_Supplied material:_
+---+

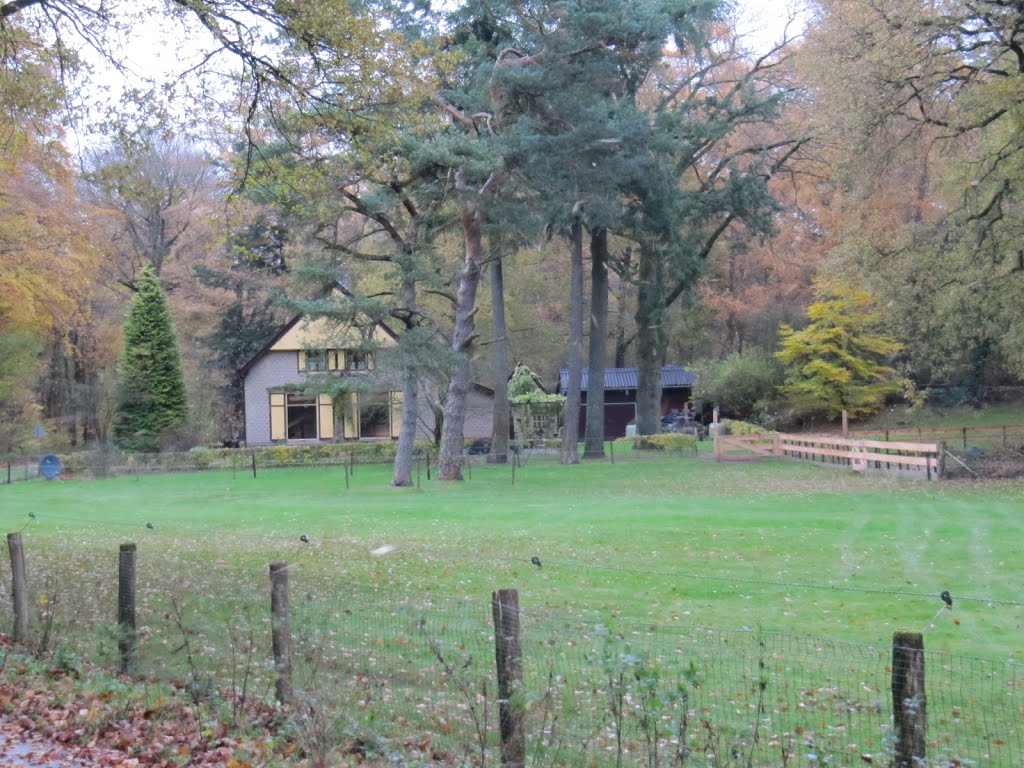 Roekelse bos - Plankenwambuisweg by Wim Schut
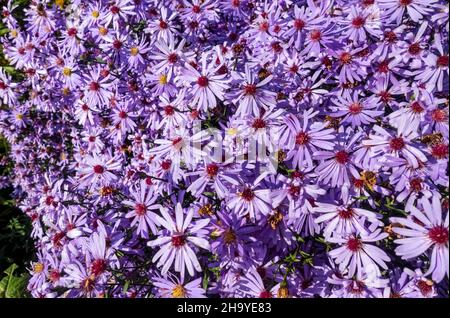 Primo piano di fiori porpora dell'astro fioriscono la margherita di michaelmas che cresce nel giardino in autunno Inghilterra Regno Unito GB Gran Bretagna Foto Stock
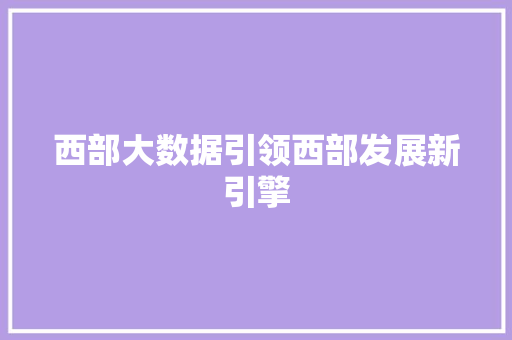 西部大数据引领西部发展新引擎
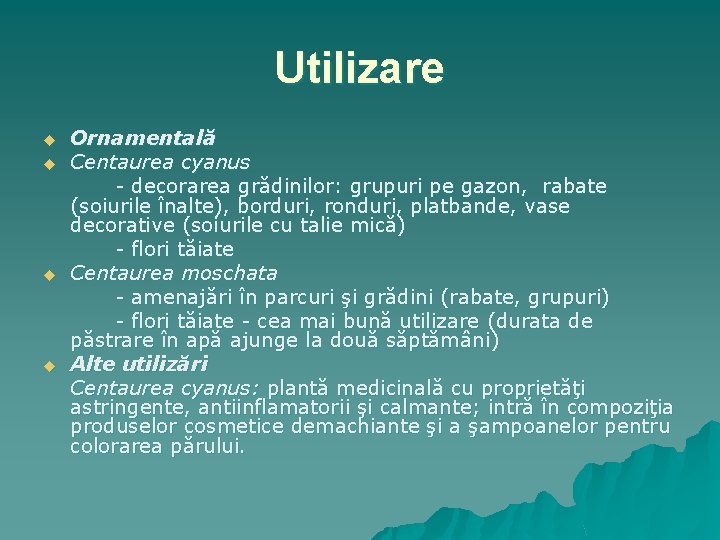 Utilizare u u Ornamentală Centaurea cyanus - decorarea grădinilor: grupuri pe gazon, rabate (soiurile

+---+

_Directions:_
Your reply should hold only the lines running from the one with "Primo piano di" to the end of the data above, set down exactly, pictures omitted.

_Completed task:_
 Primo piano di fiori porpora dell'astro fioriscono la margherita di michaelmas che cresce nel giardino in autunno Inghilterra Regno Unito GB Gran Bretagna Foto Stock
 西部大数据引领西部发展新引擎
 Utilizare u u Ornamentală Centaurea cyanus - decorarea grădinilor: grupuri pe gazon, rabate (soiurile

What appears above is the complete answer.